As a rule of thumb, the map of indexes takes
up approximately the same amount of memory
as the document, so the memory footprint of
the
CMarkup
object should settle down around 2 times the
size of the document. For each element in
the document a struct of eight integers (32
bytes) is maintained.
int nStartL;
int nStartR;
int nEndL;
int nEndR;
int nReserved;
int iElemParent;
int iElemChild;
int iElemNext;
Look at the
start and end tags in
<QTY>1</QTY>
.
The struct contains the offsets of the left
and right of both the start and end tags
(i.e. all the < and > signs). The reserved
integer is not currently used but could be
used for a delete flag and/or level (i.e.

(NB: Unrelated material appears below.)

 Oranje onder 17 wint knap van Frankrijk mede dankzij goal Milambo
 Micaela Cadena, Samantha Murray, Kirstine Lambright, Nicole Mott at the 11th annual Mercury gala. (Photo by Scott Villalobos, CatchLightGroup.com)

depth) in the hierarchy to support
indentation. The other three integers are
indexes to the structs for the parent, child
and next elements.
When the
document is first parsed an array of these
structs is built, and then as elements are
modified and inserted in the
XML, the
structs are modified and added. Rather than
allocating structs individually, they are
allocated in an array using a "grow-by"
mechanism to reduce the number of
allocations to a handful. That is why
integer array indexes rather than pointers
are used for the links. Once an element is
assigned an index in the array, that index
does not change. So the index can be used as
a way of referring to and locating an
element
Release
Notes
This
release 6.5 of
CMarkup
Lite's public methods are backwards
compatible with the previous release 6.1
posted here in August 2001 except for one
rare usage of
IntoElem
.
In 6.1, if you called
IntoElem
without a current child element, it would
find the first child element. Now in 6.5
when there is no current child position,
IntoElem
puts the main position before the first
child element so that a subsequent call to
FindElem
will not bypass the first element. So, the
quick way to check this when upgrading is to
scan all occurrences of
IntoElem
and make sure the previous CMarkup
navigation call is
FindChildElem
before it. Or, if the child element was just
created with
AddChildElem
then its okay because that sets the current
child position too. For full details on
this, see the IntoElem Changes in Release
6.3.
Other major
changes since 6.1:
-
Fix:
MBCS double-byte text
x_TextToDoc
*thanks knight_zhuge
-
Performance: parsing is roughly twice as
fast
-
Debugging: see
m_pMainDS
and
m_pChildDS
class members while debugging to see
string pointers showing current main and
child positions
- New
Test Dialog interface with diagnostic
results and load vs. parse times, and
RunTest
code for startup
License
CMarkup
Lite is free for compiling into your
commercial, personal and educational
applications. Modify it as much as you like,
but retain the copyright notice in the
source code remarks. Redistribution of the
modified or unmodified
CMarkup
Lite class source code is limited to your
own development team and it cannot be made
publicly available or distributable as part
of any source code library or product, even
if that offering is free. For source code
products that derive from or utilize
CMarkup
Lite, please refer users to this article to
obtain the source files for themselves. You
are encouraged to discuss this source code
and share enhancements here in the
discussion board under this article. Enjoy!